By the end of March, I received an email saying this:

$ time perl t4.pl
total: 4783154184978

real    0m0.185s
user    0m0.176s
sys     0m0.004s

(requires a perl with 64bit integers)

There was a t4.pl file attached.

You may recognize the total that the program prints out is the total number of t4 configurations, the same number that it took my C program two weeks to calculate on a decent box. So somehow, Salvador Fandino, perl.org blogger and occasional reader of my blog, managed to find way to arrive at the answer 6 million times as fast.

Well, that's interesting. To say the least.

Maybe I should be super-embarrassed. Maybe my cheeks should cycle through previously un-attained shades of crimson as I ponder the fact that my program was 6 million times as slow as someone else's. Ouch! But, I dunno. I don't really see it that way. I got to write about something I care about. Salvador++ cared enough to improve on my methods. The world is a better place. Blogging is cool — I learn stuff. Prestige doesn't much enter into it — the next time I'll have a better tool in my toolbox.

So, let's investigate this new tool, and how it's better.

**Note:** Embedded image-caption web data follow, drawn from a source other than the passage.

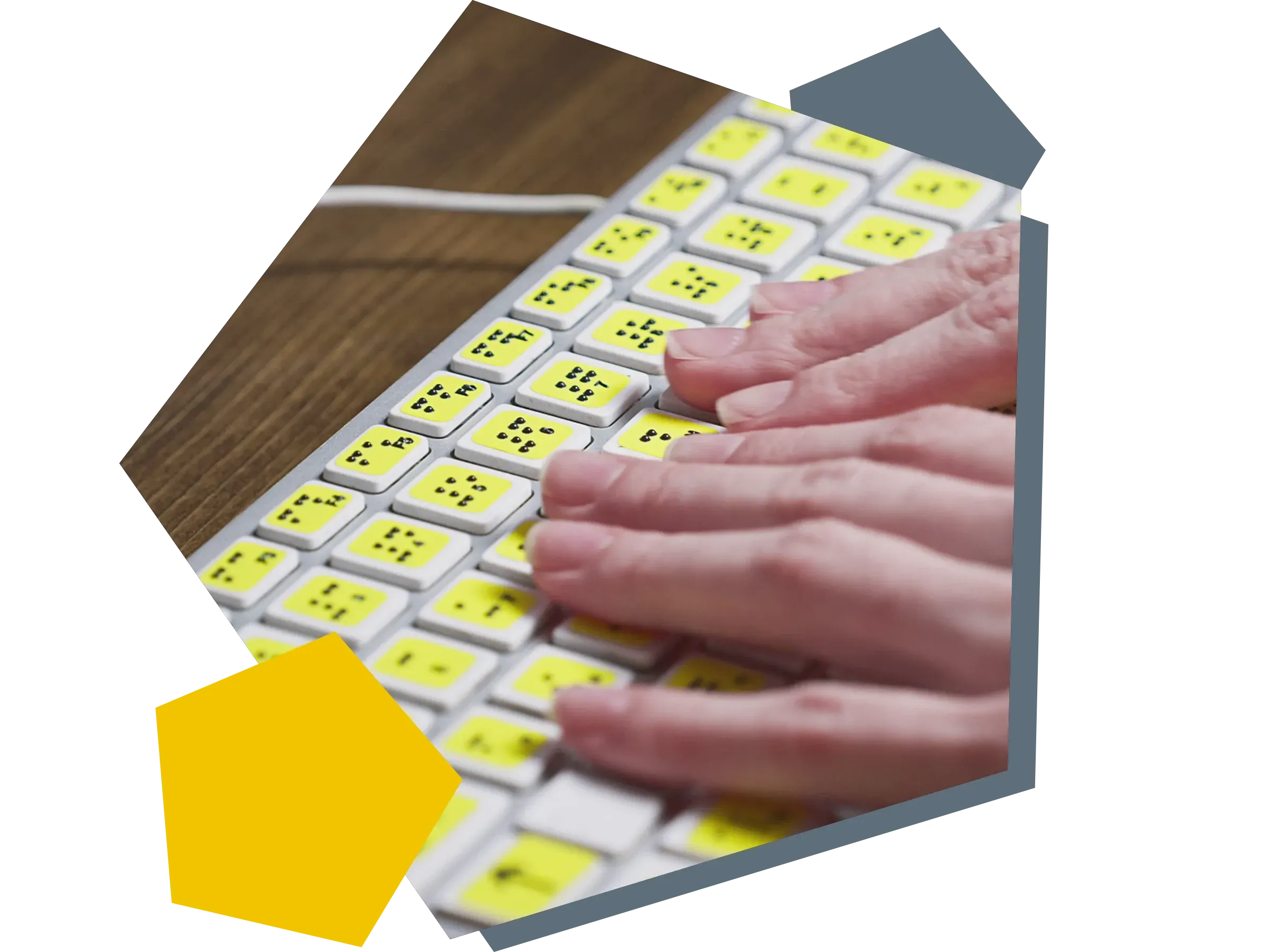 Two hands on a keyboard with key labelling for visually impaired People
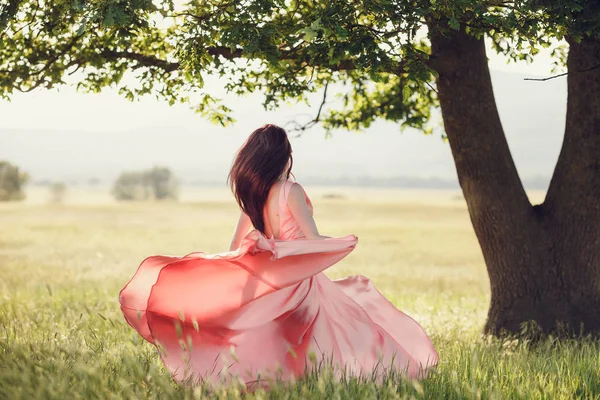 Vrouw in lang roze jurk — Stockfoto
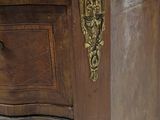 a wooden desk with a marble top and brass hardware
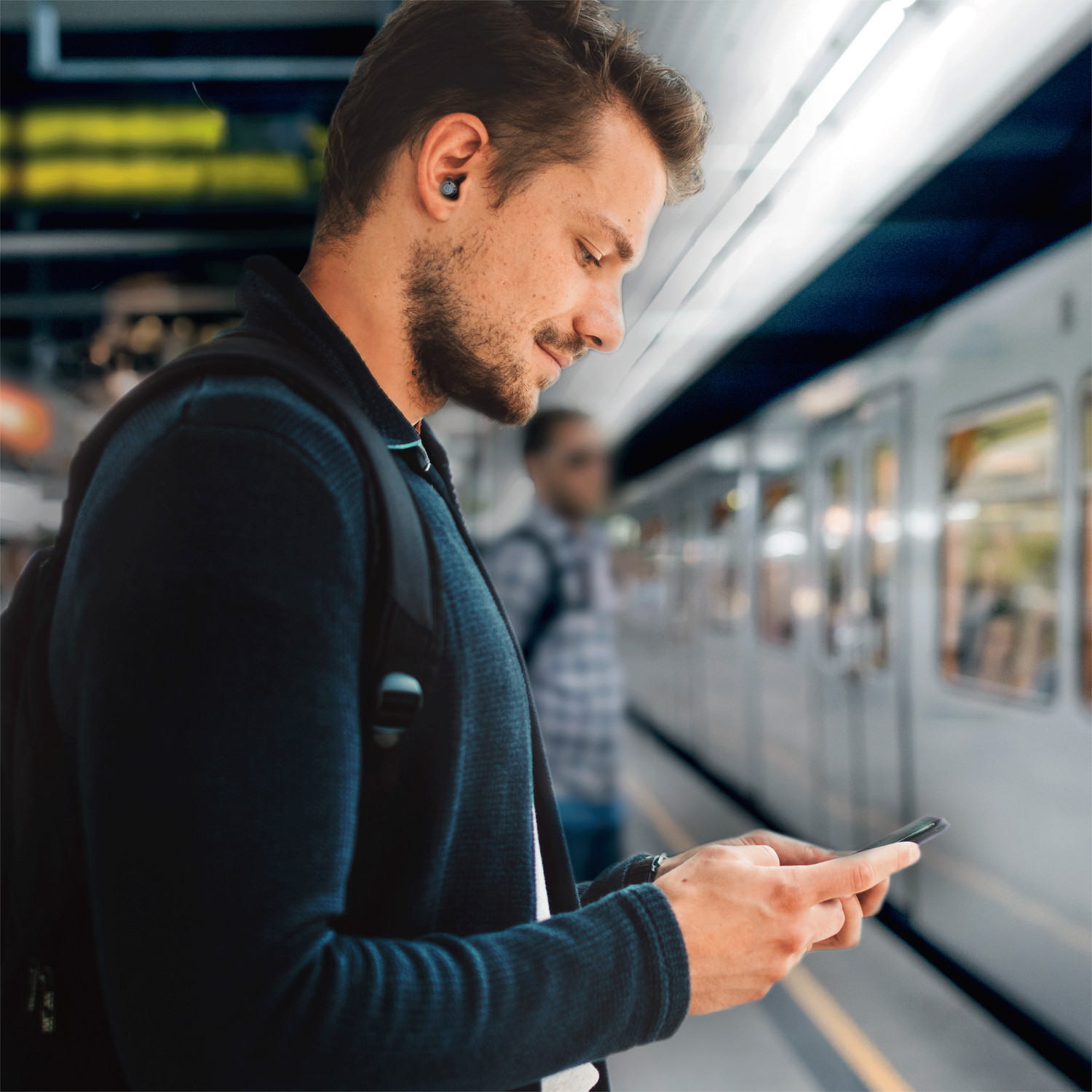 Man using a smartphone near a train station. A man is looking at his phone near a subway train.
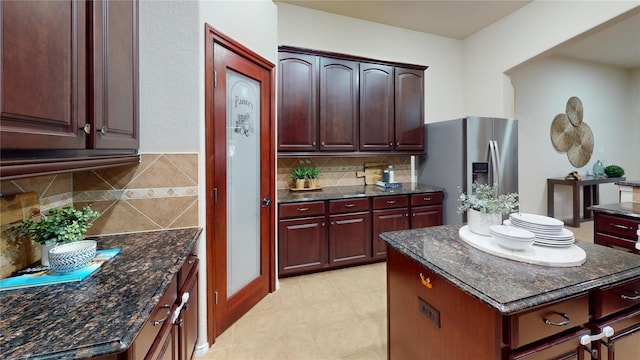 2420 Alta Vista Dr, Denton, TX 76210 - kitchen featuring stainless steel fridge, decorative backsplash, a center island, and dark stone countertops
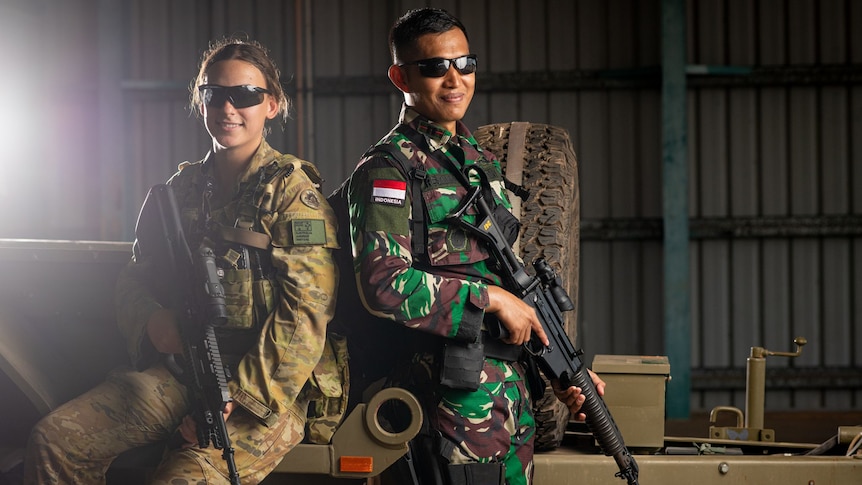 A female Australian soldier and male Indonesian soldier, wearing camouflage, holding guns, leaning against a truck, smiling.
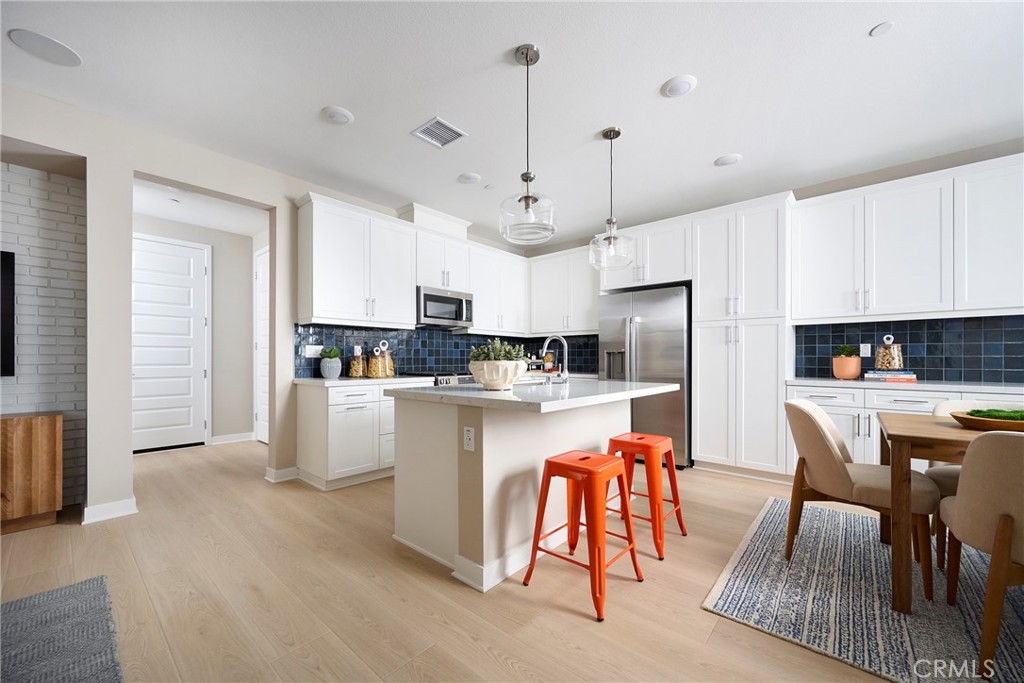 Model Photos: Photos shown are of the model home for this floor plan. Actual finishes, features, and landscaping may var - 1727 Scarlett Road, Rancho Mission Viejo CA 92694 - photo 5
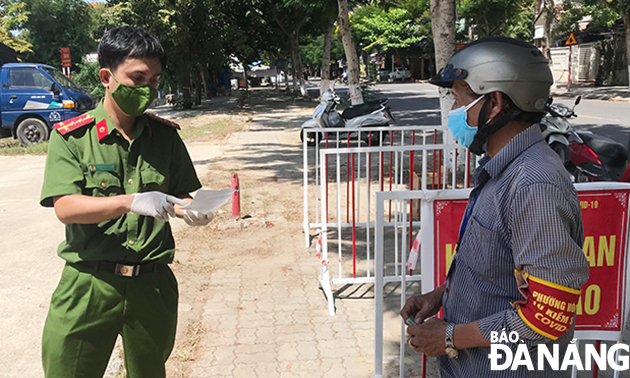  Police officers in charge of a sales point at 193 Ha Huy Tap, Hoa Khe Ward, Thanh Khe District receive orders from residential groups. Photo: M. QUE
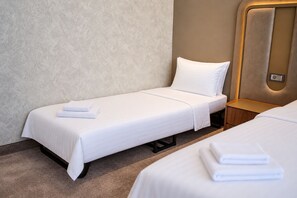 A hotel room with a single bed, a nightstand, and a wall-mounted control panel. - The Arte Hotel (Yerevan)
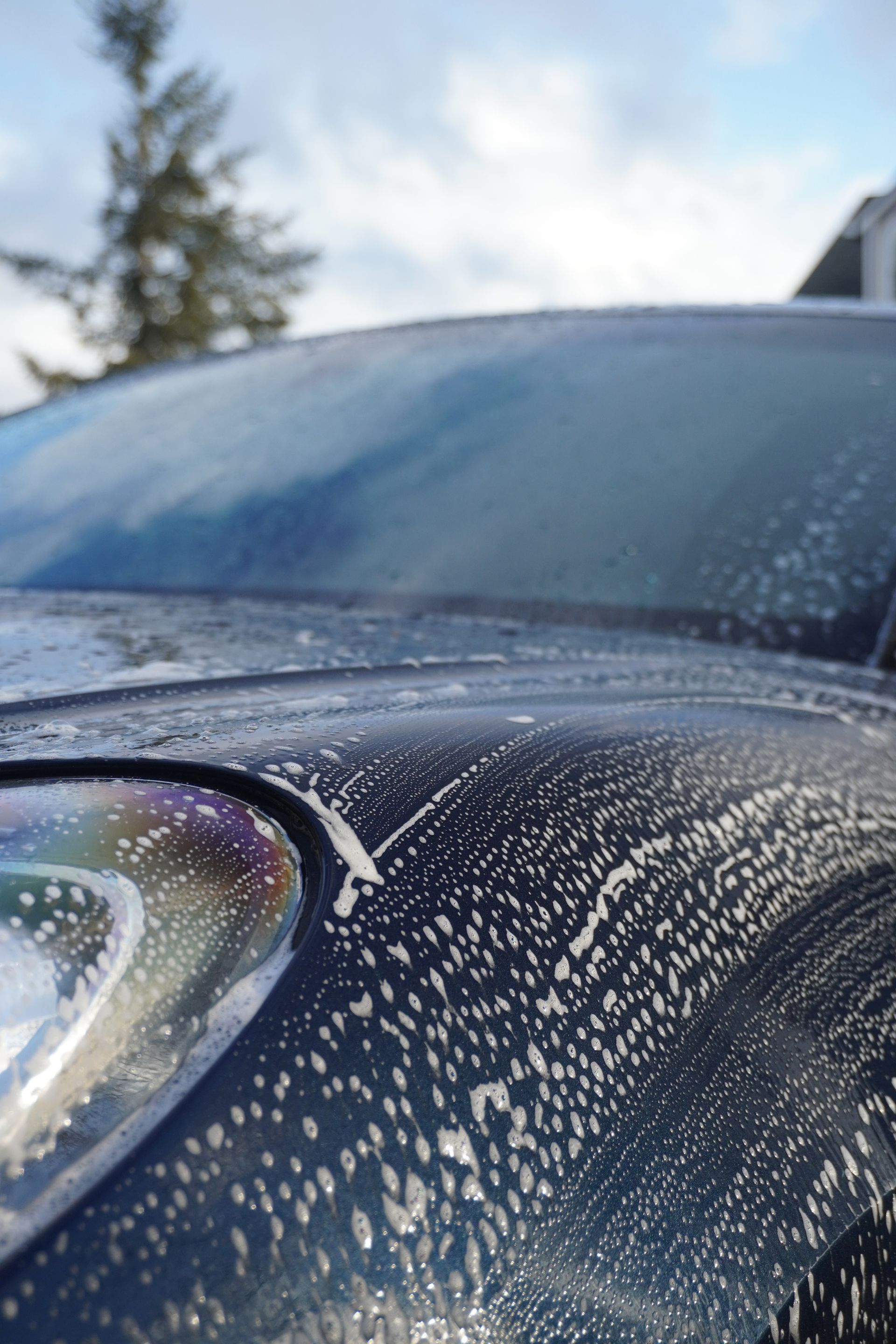 Close-up of a dark car hood and windshield covered in water droplets under a cloudy sky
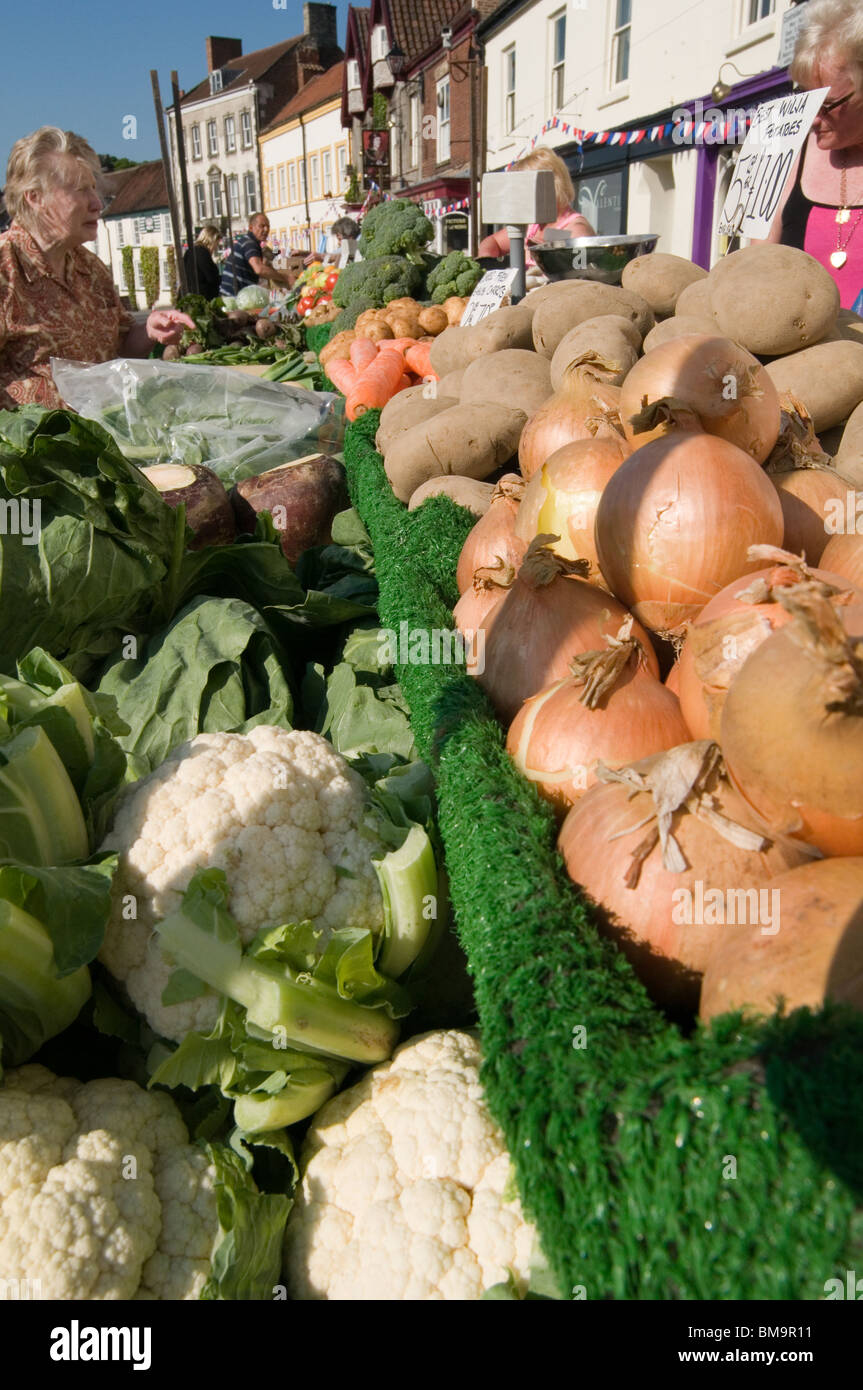 fresh fruit and veg vegetable vegetable on market stall food retail retailing shoppers buy buying handling produce shopping choi Stock Photo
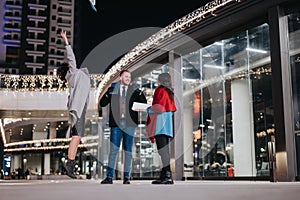 Business partners colleagues cheerfully celebrate a success with papers flying in the air, outside a brightly lit modern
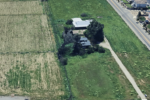 aerial view of a field with an old home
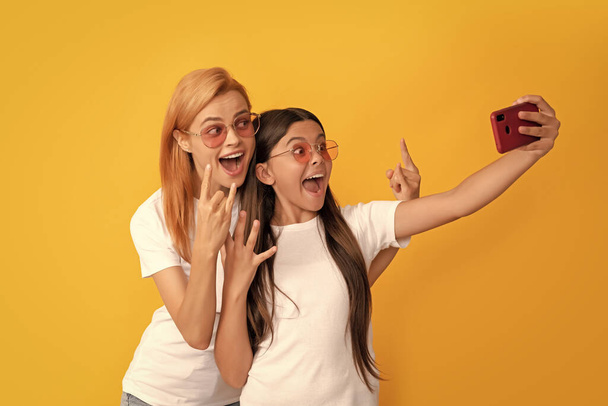 mother and daughter vlogging. online communication. mom and kid bloggers. glad woman and girl take selfie with smartphone. selfie family. modern life. mobile technology. having video call. - Foto, Bild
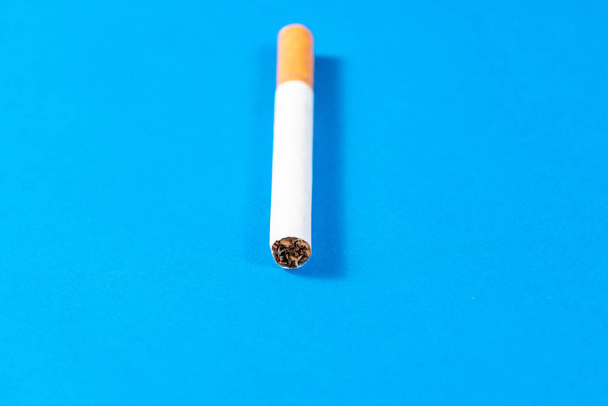 Tobacco Cigarette close up with blue background - Foto, afbeelding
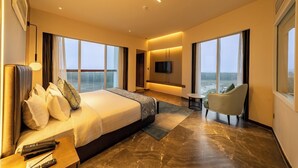 Een moderne hotelkamer met een groot bed, een televisie, een zithoek en uitzicht op zee.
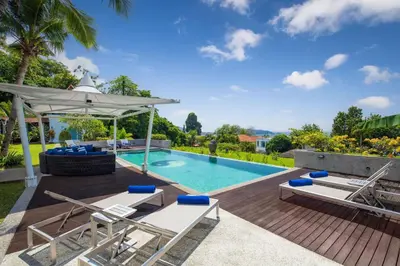 an image of a swimming pool with chairs and an umbrella at Spectacular Ocean Views 8BR Pool Villa Sawan in Patong! Relax & Play - Billiard, Table football, Gym & Sauna! in Patong Beach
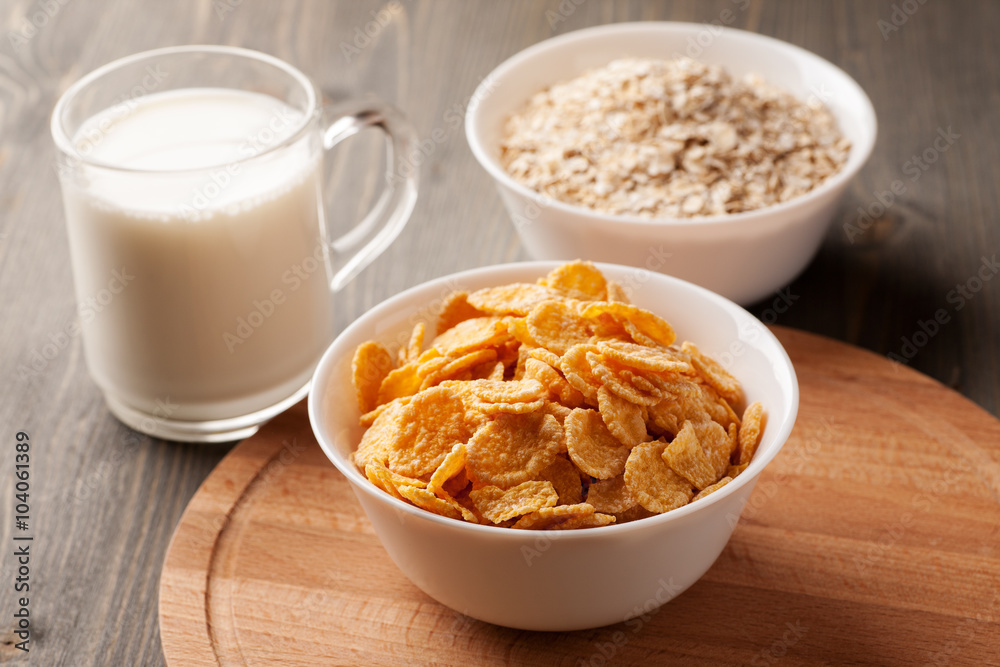 Oatmeal, cornflakes and glass of milk on wooden table Oatmeal, cornflakes and glass of milk on wooden table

First off, to get a factor-6e6 speedup, you don't apply some simple optimization somewhere; you use a different method. Salvador's code doesn't try to enumerate all the configurations, it just gets at the number. Which makes a lot of sense in retrospect, since we're not using the individual configurations for anything. My program arrives at each individual configuration, but then just throws it away immediately. Wasteful.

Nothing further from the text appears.